Kim Sung-bum

Personal information
- Nationality: South Korea
- Born: 30 May 1979 (age 47)
- Height: 1.92 m (6 ft 3+1⁄2 in)
- Weight: 118 kg (260 lb)

Korean name
- Hangul: 김성범
- RR: Gim Seongbeom
- MR: Kim Sŏngbŏm

Sport
- Sport: Judo
- Event: +100 kg
- Club: Korea Racing Association
- Coached by: An Byung-Geun

Medal record
Men's judo
Representing South Korea
Asian Games
| Gold medal – first place | 2006 Doha | Open |
Universiade
| Gold medal – first place | 2007 Bangkok | +100 kg |
| Bronze medal – third place | 2003 Daegu | +100 kg |
Asian Championships
| Gold medal – first place | 2004 Almaty | +100 kg |
| Bronze medal – third place | 2003 Jeju City | +100 kg |
| Bronze medal – third place | 2007 Kuwait City | +100 kg |
| Bronze medal – third place | 2008 Jeju City | +100 kg |

= Kim Sung-bum (judoka) =

South Korean judoka (born 1979)

Kim Sung-bum (born May 30, 1979) is a South Korean judoka, who competed in the men's heavyweight category. He is a two-time Olympian, and four-time medalist at the Asian Judo Championships. He defeated Iran's Mahmoud Miran for the gold medal in the open weight division at the 2006 Asian Games in Doha, Qatar. Kim also captured two more medals (gold and bronze) for the same division at the 2003 Summer Universiade in Jeju City, and at the 2007 Summer Universiade in Bangkok, Thailand.
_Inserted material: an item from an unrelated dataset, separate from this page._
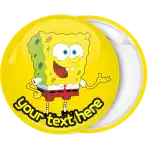 &Kappa;&omicron;&nu;&kappa;ά&rho;&delta;&alpha; &beta;ά&pi;&tau;&iota;&sigma;&eta;&sigmaf; &Mu;&pi;&omicron;&mu;&pi; &Sigma;&phi;&omicron;&upsilon;&gamma;&gamma;&alpha;&rho;ά&kappa;&eta;&sigmaf; talk &kappa;ί&tau;&rho;&iota;&nu;&eta;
Kim made his official debut for the 2004 Summer Olympics in Athens, where he competed for the men's heavyweight class (+100 kg). He defeated Spain's Aytami Ruano in the first preliminary round, before losing out his next match by a waza-ari-awasete-ippon (full point) and a soto makikomi (outer wraparound) to Italy's Paolo Bianchessi. Kim took advantage of the repechage rounds by defeating Ukraine's Vitaliy Polyanskyy, but lost again in the second bout this time to Netherlands' Dennis van der Geest, who successfully scored an ippon and an ōuchi gari (big inner reap), at two minutes and five seconds.

Four years later, Kim qualified for the second time in the men's +100 kg class, as a 29-year-old, at the 2008 Summer Olympics in Beijing, after winning the bronze medal from the Asian Judo Championships in Jeju City. Unlike his previous Olympics, Kim defeated Haiti's Joel Brutus in the first preliminary round, before losing out his next match, by an ippon and a seoi nage, to Estonia's Martin Padar.